Whilst you’re growing up you make friends.
Primary school friends, high school friends, college friends, university friends, boyfriends, girlfriends, family friends, parents friends, work friends, hobby friends, old friends, young friends.
Some may be in your life for a small amount of time, but some are with you for the long haul.
I have a variety of groups of friends back home in the UK and growing up I never really ever had an issue with making friends. It was easy. You like them, they like you, you find each other interesting and hit it off.
Since moving to Melbourne just under a year ago, I feel like my life has taken a turn completely.
I find it difficult to make friends. I’m quite and easy going person, I love shopping and talking and going out places. I love interacting with people and would say I was quite a social person.
But I’ve noticed, I’ve turned into a bit of an isolate person. I find that I enjoy my own company a lot. I like doing things on my own. I don’t know whether this is true or if I’ve been forced to by my living situation.
Now I know how normal it is to want to spend time with yourself with no one around. But as a professional working in mental health, I also know it’s not a good thing either.
So my question is, how the heck do you make friends in a completely different country?
I’ve tried going to the gym, I’ve tried being nicer at work and have made a effort with colleagues.

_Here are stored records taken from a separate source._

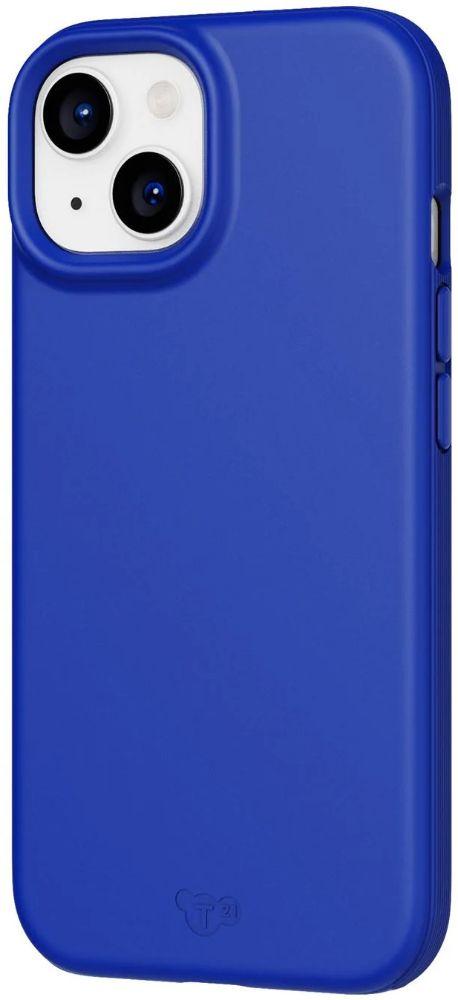 Refurbished Tech 21 Recovrd Phone Case with MagSafe für iPhone 15 - Reebelo Österreich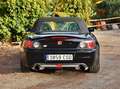 Honda S 2000 S2000 Negro - thumbnail 15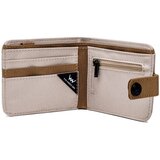 Vuch Neil Dusty Beige | Shoptok.si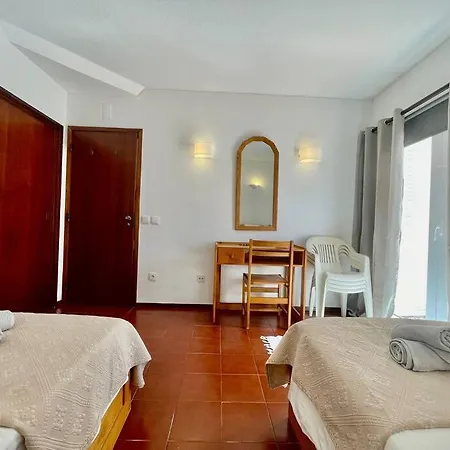 1bedroom Duplex
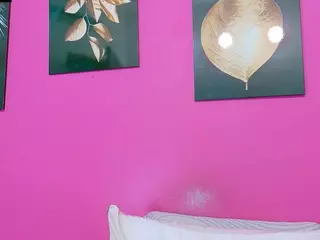kinkyandsavage's Live Sex Cam Show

But I feel like at this age, you’re allowed to pick who you want to spend time with.
Maybe I’m just too selective and fussy.
But I know the type of friends I want. The ones I have back home.
There must be people who are like them in Melbourne. Not everyone can be as non desirable as some of my colleagues or the people at the gym.
I don’t want to be a loner.
I want to go shopping with other girls. I want to go for food with people other than Dave – he’s awesome but it’s nice to have a change.
I pluck up the courage to talk to my mum about it and she tells me to go out and meet people. Where?
I don’t want to go out on my own and start chatting up people for a friendship. I don’t want to be that weirdo who people hope you don’t approach them.
So if any nice 20 odd year olds in Melbourne see this, give me some tips and pointers. How do you find nice friends in is beautiful city?